▶ _WHAT THIS TASK INVOLVES_
Produce the records again in full, exactly as shown below.

____ PROVIDED DATA

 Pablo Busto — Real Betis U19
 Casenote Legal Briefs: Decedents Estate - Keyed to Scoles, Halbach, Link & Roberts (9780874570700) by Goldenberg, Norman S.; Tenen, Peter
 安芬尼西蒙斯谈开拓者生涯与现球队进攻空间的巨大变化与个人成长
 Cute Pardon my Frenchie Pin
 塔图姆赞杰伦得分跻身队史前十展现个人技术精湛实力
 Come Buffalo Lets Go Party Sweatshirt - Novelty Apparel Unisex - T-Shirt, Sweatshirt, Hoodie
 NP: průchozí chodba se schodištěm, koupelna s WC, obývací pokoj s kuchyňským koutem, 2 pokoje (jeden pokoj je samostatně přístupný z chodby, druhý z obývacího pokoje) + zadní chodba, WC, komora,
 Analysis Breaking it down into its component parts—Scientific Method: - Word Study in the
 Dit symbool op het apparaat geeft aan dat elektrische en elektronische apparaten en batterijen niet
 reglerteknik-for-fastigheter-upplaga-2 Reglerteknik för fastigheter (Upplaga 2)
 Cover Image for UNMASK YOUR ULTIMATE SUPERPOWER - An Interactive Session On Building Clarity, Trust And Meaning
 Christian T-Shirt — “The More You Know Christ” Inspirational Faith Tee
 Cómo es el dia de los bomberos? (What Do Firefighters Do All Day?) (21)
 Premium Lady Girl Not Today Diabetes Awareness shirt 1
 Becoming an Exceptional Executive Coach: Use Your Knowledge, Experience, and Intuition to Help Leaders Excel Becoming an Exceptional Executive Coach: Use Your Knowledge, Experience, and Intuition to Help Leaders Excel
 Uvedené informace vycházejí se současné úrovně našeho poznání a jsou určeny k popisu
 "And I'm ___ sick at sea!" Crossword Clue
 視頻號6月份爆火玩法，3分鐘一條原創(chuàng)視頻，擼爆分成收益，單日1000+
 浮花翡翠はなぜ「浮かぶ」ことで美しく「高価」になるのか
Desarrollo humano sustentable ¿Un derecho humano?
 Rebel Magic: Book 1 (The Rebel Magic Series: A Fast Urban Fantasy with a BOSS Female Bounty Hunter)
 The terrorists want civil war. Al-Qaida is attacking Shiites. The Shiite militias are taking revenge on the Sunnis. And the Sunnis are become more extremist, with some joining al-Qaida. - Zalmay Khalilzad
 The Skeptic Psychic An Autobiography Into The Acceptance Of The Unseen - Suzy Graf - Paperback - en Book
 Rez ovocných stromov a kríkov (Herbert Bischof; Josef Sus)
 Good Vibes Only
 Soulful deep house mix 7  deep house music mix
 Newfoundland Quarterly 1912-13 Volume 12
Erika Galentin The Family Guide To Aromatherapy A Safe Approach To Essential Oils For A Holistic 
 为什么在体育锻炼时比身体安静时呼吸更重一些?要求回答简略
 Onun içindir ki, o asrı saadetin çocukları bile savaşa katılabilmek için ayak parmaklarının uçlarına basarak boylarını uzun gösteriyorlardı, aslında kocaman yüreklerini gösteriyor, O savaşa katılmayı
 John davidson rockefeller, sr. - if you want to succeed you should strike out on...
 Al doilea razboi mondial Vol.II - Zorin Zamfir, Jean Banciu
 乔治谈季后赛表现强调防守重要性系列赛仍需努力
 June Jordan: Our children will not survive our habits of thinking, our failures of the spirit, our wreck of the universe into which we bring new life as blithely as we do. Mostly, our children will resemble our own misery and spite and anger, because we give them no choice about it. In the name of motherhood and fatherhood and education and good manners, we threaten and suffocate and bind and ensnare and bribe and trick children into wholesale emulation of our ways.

________

▶ _EXPECTED ANSWER_
 Pablo Busto — Real Betis U19
 Casenote Legal Briefs: Decedents Estate - Keyed to Scoles, Halbach, Link & Roberts (9780874570700) by Goldenberg, Norman S.; Tenen, Peter
 安芬尼西蒙斯谈开拓者生涯与现球队进攻空间的巨大变化与个人成长
 Cute Pardon my Frenchie Pin
 塔图姆赞杰伦得分跻身队史前十展现个人技术精湛实力
 Come Buffalo Lets Go Party Sweatshirt - Novelty Apparel Unisex - T-Shirt, Sweatshirt, Hoodie
 NP: průchozí chodba se schodištěm, koupelna s WC, obývací pokoj s kuchyňským koutem, 2 pokoje (jeden pokoj je samostatně přístupný z chodby, druhý z obývacího pokoje) + zadní chodba, WC, komora,
 Analysis Breaking it down into its component parts—Scientific Method: - Word Study in the
 Dit symbool op het apparaat geeft aan dat elektrische en elektronische apparaten en batterijen niet
 reglerteknik-for-fastigheter-upplaga-2 Reglerteknik för fastigheter (Upplaga 2)
 Cover Image for UNMASK YOUR ULTIMATE SUPERPOWER - An Interactive Session On Building Clarity, Trust And Meaning
 Christian T-Shirt — “The More You Know Christ” Inspirational Faith Tee
 Cómo es el dia de los bomberos? (What Do Firefighters Do All Day?) (21)
 Premium Lady Girl Not Today Diabetes Awareness shirt 1
 Becoming an Exceptional Executive Coach: Use Your Knowledge, Experience, and Intuition to Help Leaders Excel Becoming an Exceptional Executive Coach: Use Your Knowledge, Experience, and Intuition to Help Leaders Excel
 Uvedené informace vycházejí se současné úrovně našeho poznání a jsou určeny k popisu
 "And I'm ___ sick at sea!" Crossword Clue
 視頻號6月份爆火玩法，3分鐘一條原創(chuàng)視頻，擼爆分成收益，單日1000+
 浮花翡翠はなぜ「浮かぶ」ことで美しく「高価」になるのか
Desarrollo humano sustentable ¿Un derecho humano?
 Rebel Magic: Book 1 (The Rebel Magic Series: A Fast Urban Fantasy with a BOSS Female Bounty Hunter)
 The terrorists want civil war. Al-Qaida is attacking Shiites. The Shiite militias are taking revenge on the Sunnis. And the Sunnis are become more extremist, with some joining al-Qaida. - Zalmay Khalilzad
 The Skeptic Psychic An Autobiography Into The Acceptance Of The Unseen - Suzy Graf - Paperback - en Book
 Rez ovocných stromov a kríkov (Herbert Bischof; Josef Sus)
 Good Vibes Only
 Soulful deep house mix 7  deep house music mix
 Newfoundland Quarterly 1912-13 Volume 12
Erika Galentin The Family Guide To Aromatherapy A Safe Approach To Essential Oils For A Holistic 
 为什么在体育锻炼时比身体安静时呼吸更重一些?要求回答简略
 Onun içindir ki, o asrı saadetin çocukları bile savaşa katılabilmek için ayak parmaklarının uçlarına basarak boylarını uzun gösteriyorlardı, aslında kocaman yüreklerini gösteriyor, O savaşa katılmayı
 John davidson rockefeller, sr. - if you want to succeed you should strike out on...
 Al doilea razboi mondial Vol.II - Zorin Zamfir, Jean Banciu
 乔治谈季后赛表现强调防守重要性系列赛仍需努力
 June Jordan: Our children will not survive our habits of thinking, our failures of the spirit, our wreck of the universe into which we bring new life as blithely as we do. Mostly, our children will resemble our own misery and spite and anger, because we give them no choice about it. In the name of motherhood and fatherhood and education and good manners, we threaten and suffocate and bind and ensnare and bribe and trick children into wholesale emulation of our ways.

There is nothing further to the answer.